Still, Russia is likely to keep its external borrowing plan for 2020 at $3 billion.

The United States in August banned U.S. banks from buying sovereign Eurobonds directly from Russia. Igor Ivanko / Moskva News Agency

Russia, stung by new U.S. sanctions, will focus more on selling its debt to investors from Asia and Europe and may adjust the currencies of its bond issues, but it won't change the amount planned for 2020, a senior Finance Ministry official said.

The United States in August banned U.S. banks from buying sovereign Eurobonds directly from Russia to punish Moscow for the poisoning of a former Russian double agent, Sergei Skripal, and his daughter, Yulia. Moscow has denied any wrongdoing.

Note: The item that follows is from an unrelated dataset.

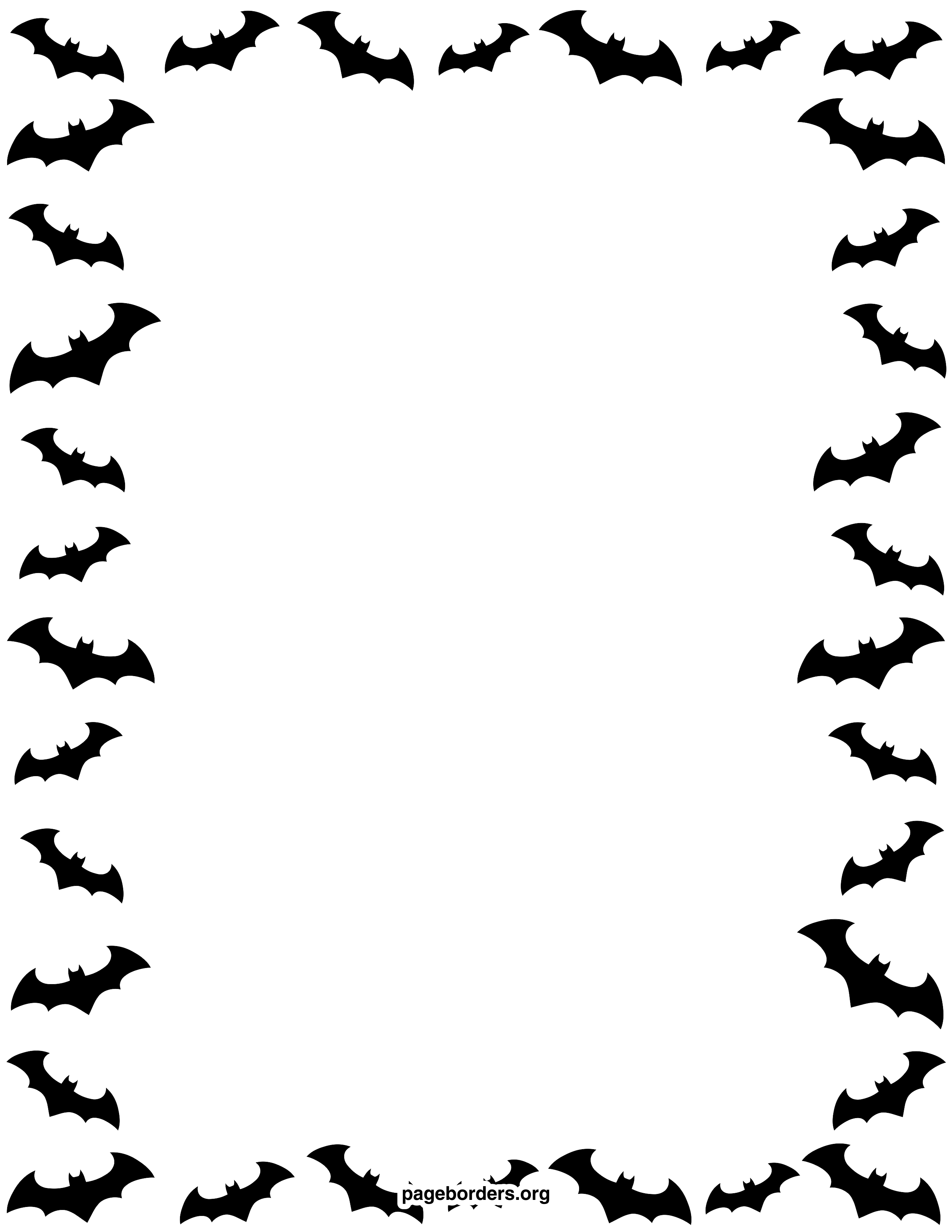 2550x3300 Halloween Borders Free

Konstantin Vyshkovsky, head of the state debt department at the Finance Ministry, said the sanctions that came into force on Aug. 26 will not cancel the ministry's plan to borrow abroad but the ministry needs time to study their possible impact.

"The recent decisions of political nature by our U.S. colleagues and the ban on the participation of U.S. financial institutions in our primary offerings are an unfavorable factor that will clearly affect our actions," Vyshkovsky told Reuters in an interview cleared for publication Wednesday.

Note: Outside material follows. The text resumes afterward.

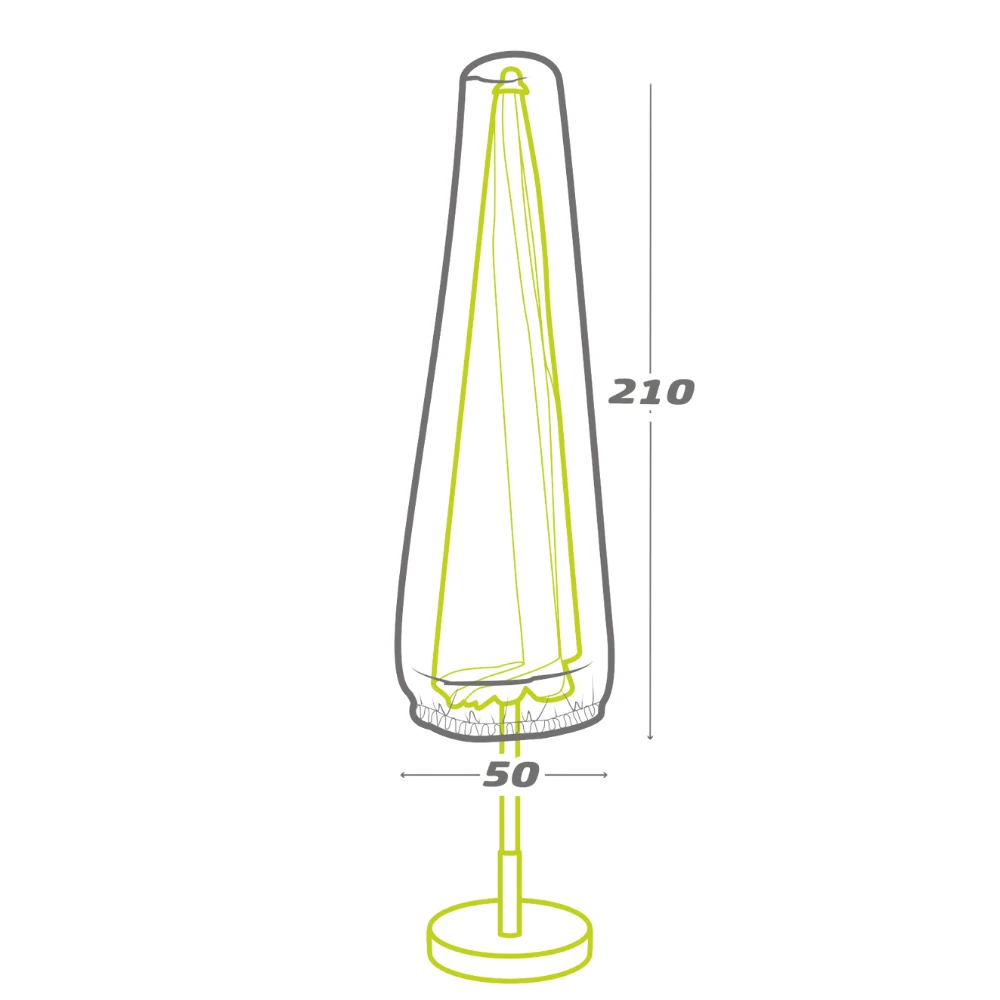 Merkloos HIXA Aktive 210 X 50 Parasol Beschermhoes Met Rits 2 Merkloos HIXA Aktive 210 X 50 Parasol Beschermhoes Met Rits - Afbeelding 2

The Finance Ministry will need to study the availability of the dollar debt market when making the decision on whether to move away from issuing Eurobonds denominated in the U.S. currency, Vyshkovsky said.

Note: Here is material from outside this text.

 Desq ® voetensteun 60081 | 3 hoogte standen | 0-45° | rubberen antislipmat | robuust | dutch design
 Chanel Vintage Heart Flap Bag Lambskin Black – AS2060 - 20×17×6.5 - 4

"We need to understand to what extent the dollar borrowing will be available, no matter who buys it."

Still, Russia is likely to keep its external borrowing plan for 2020 at $3 billion, the same level as in 2019, Vyshkovsky said.

Despite lingering concerns about U.S. sanctions against Moscow that plagued market mood, Russian has successfully tapped the Eurobond market twice in 2018.

Borrowing at home

Russian sovereign bonds, denominated both in foreign currency and in rubles, are popular among foreign investors thanks to their yields and investment-grade ratings that Russia received from the three major rating agencies.

Non-residents held around 2.6 trillion rubles ($39.4 billion) worth of Russian rouble-denominated OFZ bonds in early August, which accounted for around 30% of OFZs issued.

"I don't think there are grounds for this share to decline substantially," Vyshkovsky said foreigners' share in OFZ bonds.

After fulfilling borrowing plan in the first half of 2019, the Finance Ministry decided to limit OFZ offering and started offering up to 25 billion rubles worth of OFZ bonds at weekly auctions in the third quarter, Vyshkovsky said.

The ministry would like to increase the overall tenor of its OFZ portfolio to five years from less than four at the moment, Vyshkovsky said.

Looking into 2020, Vyshkovksy said there were no reasons for increasing the borrowing amount envisaged in the three-year budget plan.

"One should not expect some drastic changes here."